One commenter on Racialicious made what I thought was a very important contribution, writing:

I still feel the remnants of being the “white kid” for being very much into rock music and then having the actual white kids turn around and call me a poser for being a black person who liked something other than the stereotypical music I was expected to listen to as a black person.

The context is far from comparable, since I as a white child was never a victim of racism, but I remember myself being shocked at the racism of schoolmates who used to ask me why I like hip hop because “isn’t that black music?”

The whole controversy raises important issues about the usefulness of the term “black music”. As a way of asserting the black origins of most of American (and through them, world) popular music of the 20th century, it is obviously important. But what happens when the same term is in fact turned on its head and used as a way of excluding black artists from musical forms that were themselves originally black music (!). It’s definitely something I want to explore further on here.

However, in the meantime this piece gives me as good a reason as any to bring up something I’ve been wanting to mention for a while-The Street Sweeper Social Club, a collaboration between musicians Tom Morello and others from Rage Against the Machine with Boots Riley of The Coup (the group who did the song that this blog is named after!)

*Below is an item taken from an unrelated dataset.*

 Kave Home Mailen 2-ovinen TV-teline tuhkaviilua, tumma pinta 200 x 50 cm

Back in the day I was a big fan of RATM, although I was never a great appreciator of the rock side of where they came from. For me they combined rapping with incredible sonic experimentation and radical politics.

The new project, Street Sweeper Social Club, is really what I expected it to sound like (as my brother put it “Rage with better rapping,”) rather than anything radically new or different, but it still sounds pretty good to my ears, and they’re well worth checking out. Tom Morello is an incredibly skilled guitarist who can stand up there with the most amazing user of synths or computers in terms of making strange new sounds. And I don’t think it would be going too far to describe Boots as one of the most underrated rappers of all time. If you don’t know The Coup, get to know! In any case, check out their band’s cover of M.I.A.’s ‘Paper Planes’:

BlackRoc is released on November 27th. Try as I might I haven’t been able to find a release date for Onyx’s project, it appears to have been delayed for some time and is described as coming 2009.

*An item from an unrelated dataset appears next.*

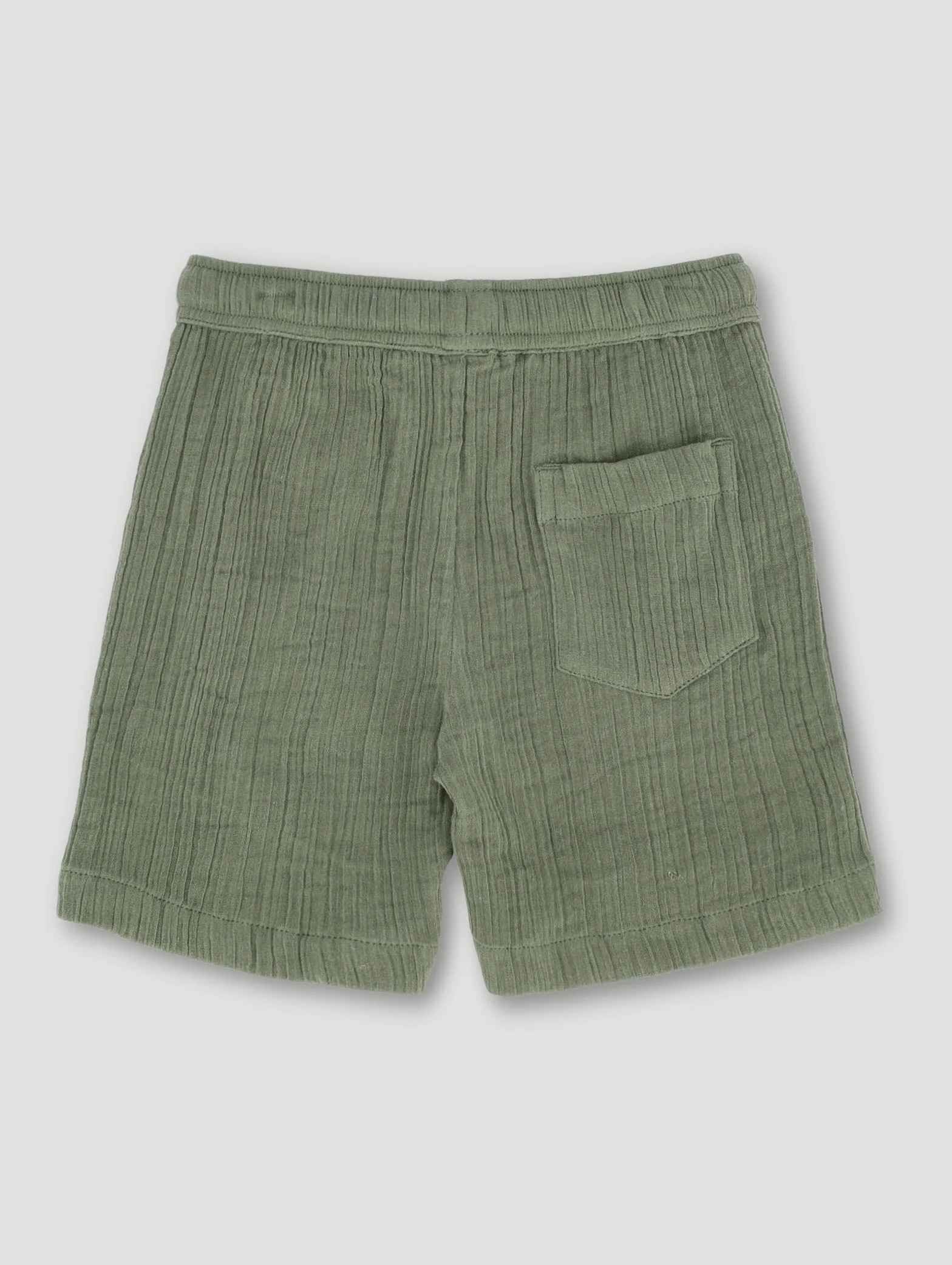 Pre-Boys Textured Muslin Shorts - Olive - Image 2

One Response to “Black Rock Nation?”

  1. I think this whole issue is the reason that Rachel Adedej didn’t have much success on the X Factor! I don’t think anyone (judges or public) knows what do with a black woman singer who doesn’t fit into the soulful RnB diva niche No one knows how to categorise or market a punky rock star black woman and so they’ll just pretend it’s because she’s not good enough.

    I also read that she was forced by the stylists on the show to stop being so punk and start dressing more like a ‘normal’ black woman. Argh!